Was wäre eine Demokratie ohne das Recht auf Mitbestimmung? Diese Frage mussten sich Frauen tatsächlich noch bis vor 100 Jahren stellen: Am 12. November 1918 wurde in Deutschland das Frauenwahlrecht eingeführt.

Für mich als junge Frau ist es heute selbstverständlich, dass ich seit meinem sechzehnten Geburtstag wählen gehen darf – zumindest bei den Kommunalwahlen. Ich habe die Möglichkeit mitzubestimmen und mich zu positionieren. Entscheidungen über die Zukunft unseres Landes muss ich nicht den Männern in meinem Umfeld überlassen. Wie soll das auch funktionieren? Die Aufgabe der Politik ist es schließlich, die Stimmung in der Bevölkerung abzubilden. Wenn aber nicht einmal die Hälfte der Menschen mitbestimmen darf, ist eine Demokratie gar nicht möglich. Gerade deshalb war es so wichtig, dass sich all die Generationen von Frauen für ihr Recht auf Mitbestimmung stark gemacht haben – auch wenn sie auf diesem Weg mit vielen Hindernissen zu kämpfen hatten. Das lag unter anderem daran, dass sich viele ihrer Rechte gar nicht bewusst waren und sich daher nur eine Minderheit der Frauen überhaupt für das allgemeine Wahlrecht eingesetzt hat. So hat es sehr lange gedauert, bis sich etwas verändern konnte und das Frauenwahlrecht in Deutschland eingeführt wurde.

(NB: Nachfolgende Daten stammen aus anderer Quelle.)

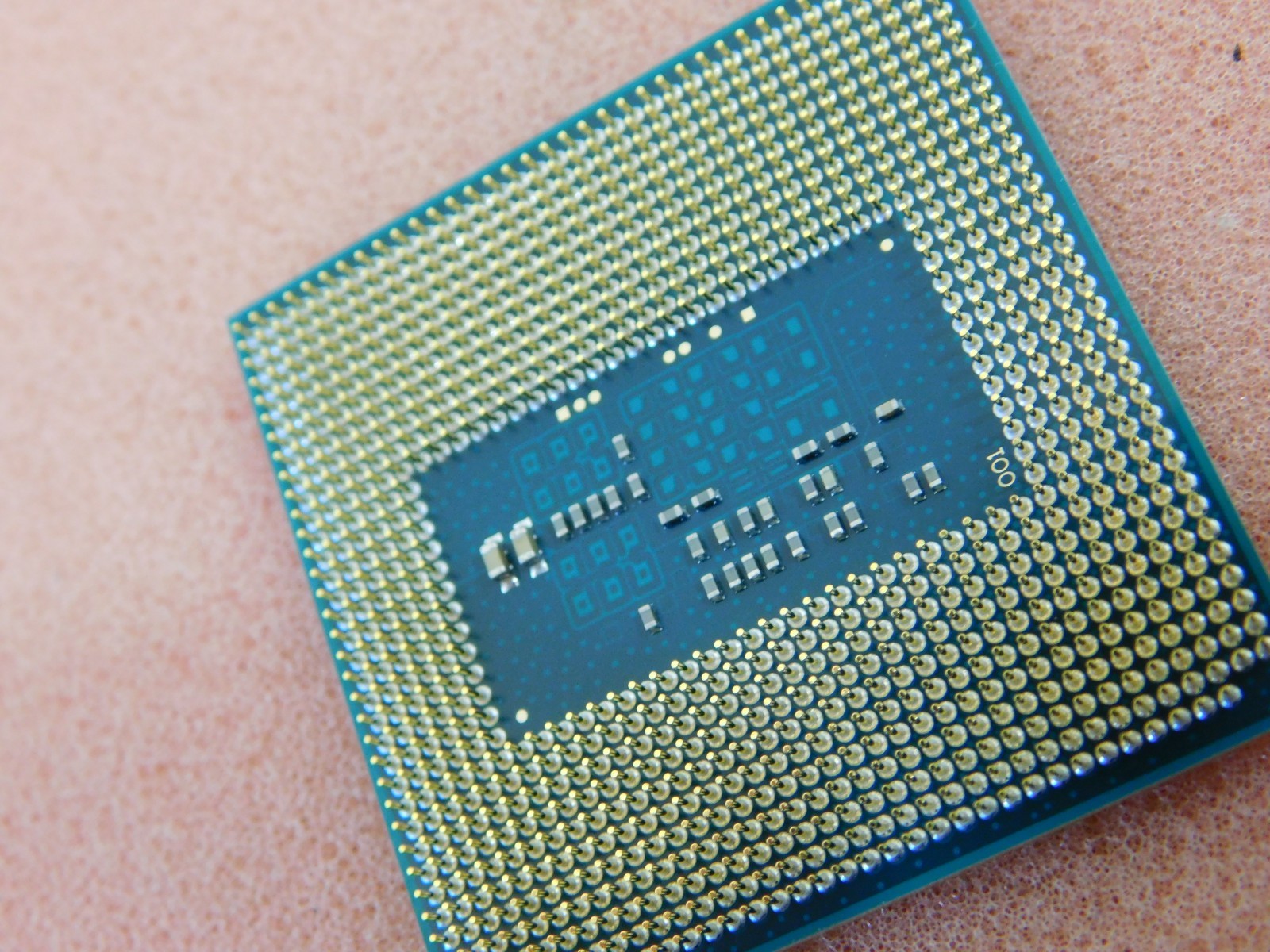 Intel Core i3-4000M 2.4GHz 3MB Dual-core Socket G3 Mobile CPU Processor SR1HC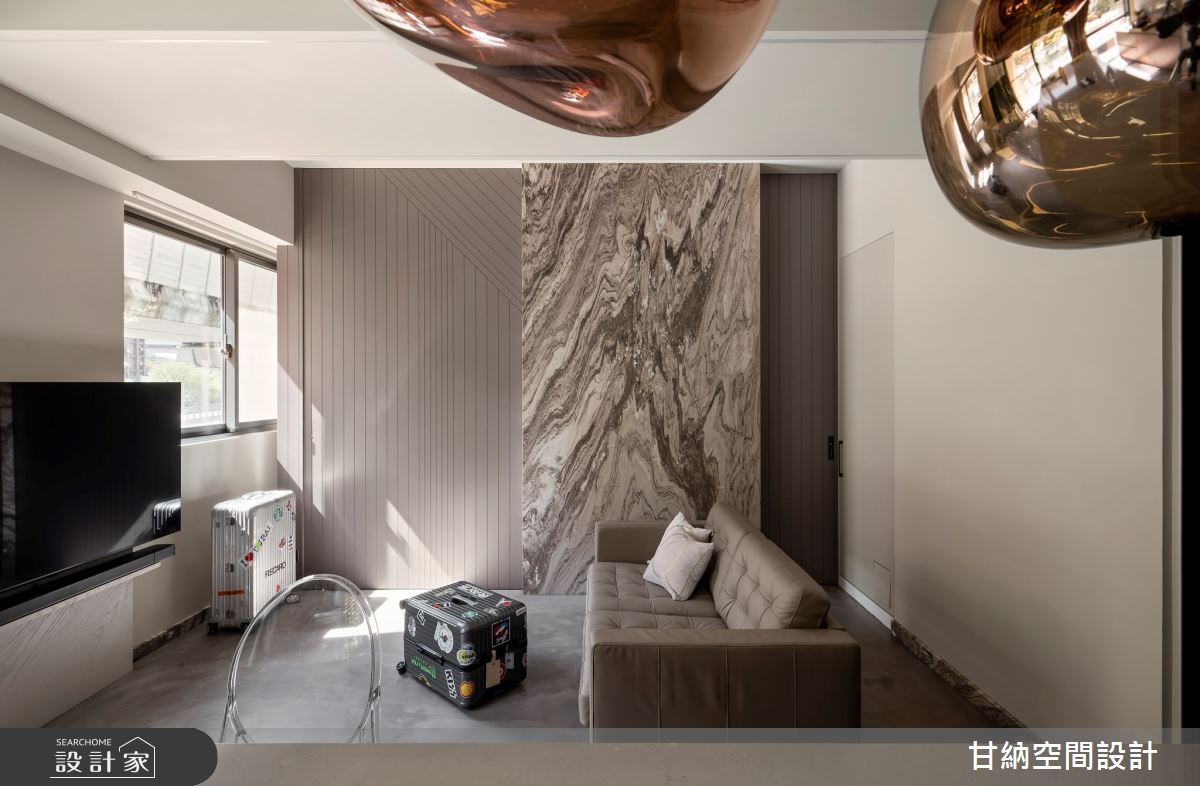 好客的屋主將15坪的空間委託給二次合作的設計師,期盼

Der Kampf für Gleichberechtigung

Zeit für eine kleine Reise in die Vergangenheit: Mit dem Ende des ersten Weltkrieges wurden endlich Änderungen möglich. Bei der November-Revolution formulierte die damalige Übergangsregierung den Aufruf „An das deutsche Volk“, in dem unter anderem Meinungsfreiheit, Religionsfreiheit und auch das Frauenwahlrecht erklärt wurden. Der 12. November 1918 wurde damit ein wichtiger Tag für die Geschichte der Gleichberechtigung von Frauen – sie durften nicht nur zum ersten Mal wählen gehen, sondern konnten sich auch selbst zur Wahl stellen lassen. Wie überfällig diese gesetzliche Neuerung tatsächlich war, hat sich dann schon bei den nächsten Wahlen am 19. Januar 1919 gezeigt: Die Wahlbeteiligung der weiblichen Bevölkerung lag hier bei 82 Prozent. Von solchen Zahlen kann man heute nur träumen. Mit dieser Neuerung war erstmals die ganze deutsche Bevölkerung repräsentiert.

Du hast die Wahl!

In den letzten 100 Jahren hat sich zum Glück schon einiges getan. Frauen dürfen nicht nur wählen gehen und gewählt werden, sondern es stehen auch immer mehr von ihnen auf und setzen sich für ihre Rechte ein. Sowohl im Kampf für Gleichberechtigung als auch gegen Diskriminierung und sexuelle Gewalt. Doch auch heute gibt es noch viel zu tun. Denn alleine in Deutschland ist deutlich zu erkennen, dass der Frauen-Anteil im Bundestag seit der letzten Legislaturperiode wieder zurückgegangen ist, auf gerade mal 30 Prozent. Und wenn wir auf andere Länder schauen, muss man leider feststellen, dass Frauen in Ländern wie Bhutan oder Brunei noch immer kein Stimmrecht haben. Alleine das sollte Grund genug sein, um weiterzumachen und füreinander stark zu sein. Denn wie die Schriftstellerin Hedwig Dohm schon vor über 100 Jahren gesagt hat: „Menschenrechte haben kein Geschlecht.“ Und das ist definitiv ein Grundsatz, den wir auch heute nicht vergessen dürfen, denn das Recht mitbestimmen zu können, ist eben nicht selbstverständlich.